— Task directions —
Write out exactly the lines of the entries below from the one holding "Masterkidz 64 spalvotų" to the one holding "Mens Underwear Jockstrap", inclusive, and leave out all other lines.

[Start of section]

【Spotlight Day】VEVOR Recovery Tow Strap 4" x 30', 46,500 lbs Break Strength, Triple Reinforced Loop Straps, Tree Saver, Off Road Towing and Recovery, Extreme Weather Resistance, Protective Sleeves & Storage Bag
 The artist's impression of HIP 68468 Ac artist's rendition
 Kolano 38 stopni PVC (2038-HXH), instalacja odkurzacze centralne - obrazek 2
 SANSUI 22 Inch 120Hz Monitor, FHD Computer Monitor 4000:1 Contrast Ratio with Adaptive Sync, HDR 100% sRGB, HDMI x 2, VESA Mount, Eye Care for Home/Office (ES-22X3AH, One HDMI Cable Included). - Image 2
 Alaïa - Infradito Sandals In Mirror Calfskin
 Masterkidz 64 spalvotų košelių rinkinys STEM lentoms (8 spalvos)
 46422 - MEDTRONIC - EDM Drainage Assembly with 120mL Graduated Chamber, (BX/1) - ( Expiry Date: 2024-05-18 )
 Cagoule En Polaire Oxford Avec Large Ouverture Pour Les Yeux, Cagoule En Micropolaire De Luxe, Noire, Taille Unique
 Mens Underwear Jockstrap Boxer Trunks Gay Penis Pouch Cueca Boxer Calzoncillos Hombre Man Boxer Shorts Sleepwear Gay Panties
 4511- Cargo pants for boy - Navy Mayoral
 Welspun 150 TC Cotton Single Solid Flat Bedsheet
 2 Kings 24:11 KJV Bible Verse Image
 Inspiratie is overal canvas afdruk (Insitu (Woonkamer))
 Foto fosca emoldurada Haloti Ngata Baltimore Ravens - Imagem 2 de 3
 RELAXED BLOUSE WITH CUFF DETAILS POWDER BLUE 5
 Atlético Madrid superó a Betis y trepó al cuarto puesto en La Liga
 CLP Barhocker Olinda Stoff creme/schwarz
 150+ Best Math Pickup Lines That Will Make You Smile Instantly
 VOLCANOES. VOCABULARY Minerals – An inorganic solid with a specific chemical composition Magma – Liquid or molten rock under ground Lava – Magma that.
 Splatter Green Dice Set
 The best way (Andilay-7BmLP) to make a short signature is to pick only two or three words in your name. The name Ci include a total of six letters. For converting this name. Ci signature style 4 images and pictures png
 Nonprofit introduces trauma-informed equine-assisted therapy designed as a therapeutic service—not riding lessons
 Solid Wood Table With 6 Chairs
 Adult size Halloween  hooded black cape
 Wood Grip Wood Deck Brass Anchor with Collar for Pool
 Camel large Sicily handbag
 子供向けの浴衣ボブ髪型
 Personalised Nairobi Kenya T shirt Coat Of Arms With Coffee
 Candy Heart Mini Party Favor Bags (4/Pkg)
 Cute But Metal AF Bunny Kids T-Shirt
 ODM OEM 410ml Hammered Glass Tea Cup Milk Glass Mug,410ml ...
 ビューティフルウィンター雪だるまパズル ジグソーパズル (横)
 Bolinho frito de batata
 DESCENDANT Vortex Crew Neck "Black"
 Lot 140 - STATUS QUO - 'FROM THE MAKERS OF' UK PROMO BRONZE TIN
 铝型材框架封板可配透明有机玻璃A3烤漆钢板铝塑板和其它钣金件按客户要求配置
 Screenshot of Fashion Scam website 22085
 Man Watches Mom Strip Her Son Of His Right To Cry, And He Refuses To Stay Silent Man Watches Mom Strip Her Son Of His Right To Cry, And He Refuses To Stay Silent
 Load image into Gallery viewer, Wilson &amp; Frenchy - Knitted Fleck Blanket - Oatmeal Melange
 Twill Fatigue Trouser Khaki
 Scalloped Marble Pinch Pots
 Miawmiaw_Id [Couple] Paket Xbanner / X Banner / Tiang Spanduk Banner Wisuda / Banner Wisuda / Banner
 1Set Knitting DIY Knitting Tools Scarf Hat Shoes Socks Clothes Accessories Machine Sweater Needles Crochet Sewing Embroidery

[End of section]

— Your solution —
 Masterkidz 64 spalvotų košelių rinkinys STEM lentoms (8 spalvos)
 46422 - MEDTRONIC - EDM Drainage Assembly with 120mL Graduated Chamber, (BX/1) - ( Expiry Date: 2024-05-18 )
 Cagoule En Polaire Oxford Avec Large Ouverture Pour Les Yeux, Cagoule En Micropolaire De Luxe, Noire, Taille Unique
 Mens Underwear Jockstrap Boxer Trunks Gay Penis Pouch Cueca Boxer Calzoncillos Hombre Man Boxer Shorts Sleepwear Gay Panties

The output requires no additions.